*The data*.
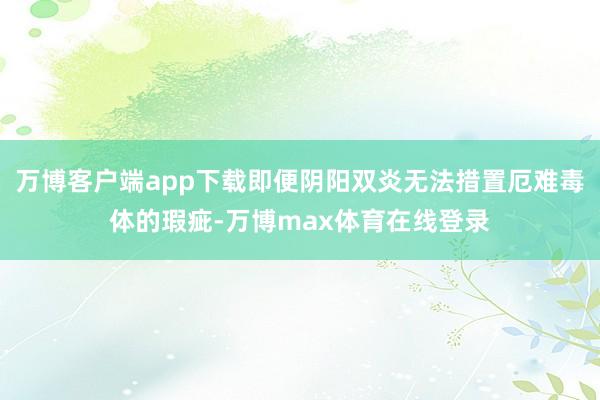 万博客户端app下载即便阴阳双炎无法措置厄难毒体的瑕疵-万博max体育在线登录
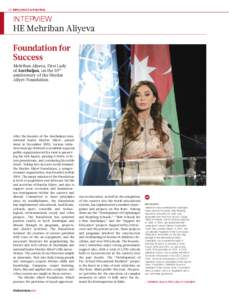 20 DIPLOMACY & POLITICS  INTERVIEW HE Mehriban Aliyeva Foundation for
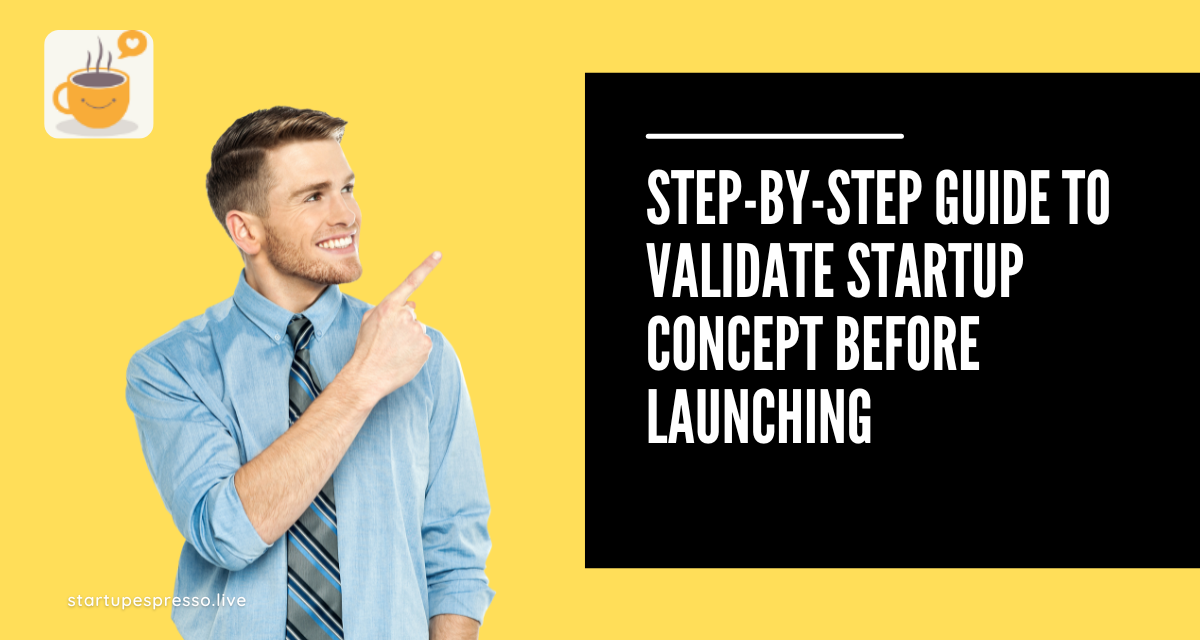 Step-by-Step Guide to Validate Startup Concept Before Launching
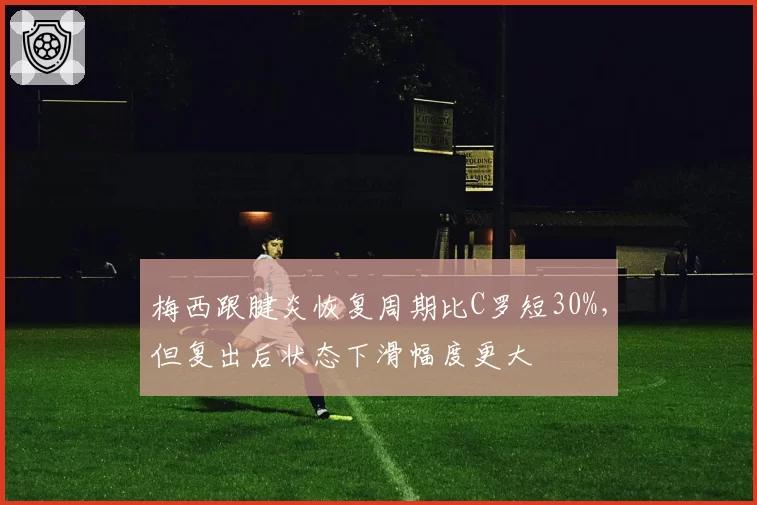 梅西跟腱炎恢复周期比C罗短30%，但复出后状态下滑幅度更大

*What is expected*. Write out the line that contains "Step-by-Step Guide to" and every line after it to the end of the data, exactly as they stand. Omit the pictures.

*Reply to the exercise*.
 Step-by-Step Guide to Validate Startup Concept Before Launching
 梅西跟腱炎恢复周期比C罗短30%，但复出后状态下滑幅度更大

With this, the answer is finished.